_Information_
- - - - -

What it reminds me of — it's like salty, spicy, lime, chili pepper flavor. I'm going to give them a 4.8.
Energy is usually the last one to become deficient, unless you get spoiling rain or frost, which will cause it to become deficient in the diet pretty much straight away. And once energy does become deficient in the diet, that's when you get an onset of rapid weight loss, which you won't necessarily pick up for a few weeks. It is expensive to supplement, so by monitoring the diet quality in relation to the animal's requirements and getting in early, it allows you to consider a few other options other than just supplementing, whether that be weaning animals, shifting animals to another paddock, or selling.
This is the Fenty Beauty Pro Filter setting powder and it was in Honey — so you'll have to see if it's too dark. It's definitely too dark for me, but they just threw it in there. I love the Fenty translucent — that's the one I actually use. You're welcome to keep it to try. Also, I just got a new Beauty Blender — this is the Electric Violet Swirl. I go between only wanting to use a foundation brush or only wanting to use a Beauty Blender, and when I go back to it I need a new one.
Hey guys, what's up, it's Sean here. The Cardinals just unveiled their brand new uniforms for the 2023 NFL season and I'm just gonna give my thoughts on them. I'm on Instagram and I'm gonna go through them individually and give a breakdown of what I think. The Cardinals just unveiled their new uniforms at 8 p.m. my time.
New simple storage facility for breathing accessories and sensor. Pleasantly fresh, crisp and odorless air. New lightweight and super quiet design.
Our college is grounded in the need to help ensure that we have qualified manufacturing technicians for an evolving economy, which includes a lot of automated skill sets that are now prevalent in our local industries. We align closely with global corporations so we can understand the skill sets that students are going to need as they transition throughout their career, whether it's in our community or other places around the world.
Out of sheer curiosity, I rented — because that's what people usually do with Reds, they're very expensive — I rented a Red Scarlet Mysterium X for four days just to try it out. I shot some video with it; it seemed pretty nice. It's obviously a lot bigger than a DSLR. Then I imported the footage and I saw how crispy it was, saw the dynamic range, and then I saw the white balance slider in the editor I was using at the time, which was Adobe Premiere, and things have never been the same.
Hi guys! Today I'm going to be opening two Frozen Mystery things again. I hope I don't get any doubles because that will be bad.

- - - - -

_Exercise details_
Exactly as shown, repeat every record.

_Response for this exercise_
What it reminds me of — it's like salty, spicy, lime, chili pepper flavor. I'm going to give them a 4.8.
Energy is usually the last one to become deficient, unless you get spoiling rain or frost, which will cause it to become deficient in the diet pretty much straight away. And once energy does become deficient in the diet, that's when you get an onset of rapid weight loss, which you won't necessarily pick up for a few weeks. It is expensive to supplement, so by monitoring the diet quality in relation to the animal's requirements and getting in early, it allows you to consider a few other options other than just supplementing, whether that be weaning animals, shifting animals to another paddock, or selling.
This is the Fenty Beauty Pro Filter setting powder and it was in Honey — so you'll have to see if it's too dark. It's definitely too dark for me, but they just threw it in there. I love the Fenty translucent — that's the one I actually use. You're welcome to keep it to try. Also, I just got a new Beauty Blender — this is the Electric Violet Swirl. I go between only wanting to use a foundation brush or only wanting to use a Beauty Blender, and when I go back to it I need a new one.
Hey guys, what's up, it's Sean here. The Cardinals just unveiled their brand new uniforms for the 2023 NFL season and I'm just gonna give my thoughts on them. I'm on Instagram and I'm gonna go through them individually and give a breakdown of what I think. The Cardinals just unveiled their new uniforms at 8 p.m. my time.
New simple storage facility for breathing accessories and sensor. Pleasantly fresh, crisp and odorless air. New lightweight and super quiet design.
Our college is grounded in the need to help ensure that we have qualified manufacturing technicians for an evolving economy, which includes a lot of automated skill sets that are now prevalent in our local industries. We align closely with global corporations so we can understand the skill sets that students are going to need as they transition throughout their career, whether it's in our community or other places around the world.
Out of sheer curiosity, I rented — because that's what people usually do with Reds, they're very expensive — I rented a Red Scarlet Mysterium X for four days just to try it out. I shot some video with it; it seemed pretty nice. It's obviously a lot bigger than a DSLR. Then I imported the footage and I saw how crispy it was, saw the dynamic range, and then I saw the white balance slider in the editor I was using at the time, which was Adobe Premiere, and things have never been the same.
Hi guys! Today I'm going to be opening two Frozen Mystery things again. I hope I don't get any doubles because that will be bad.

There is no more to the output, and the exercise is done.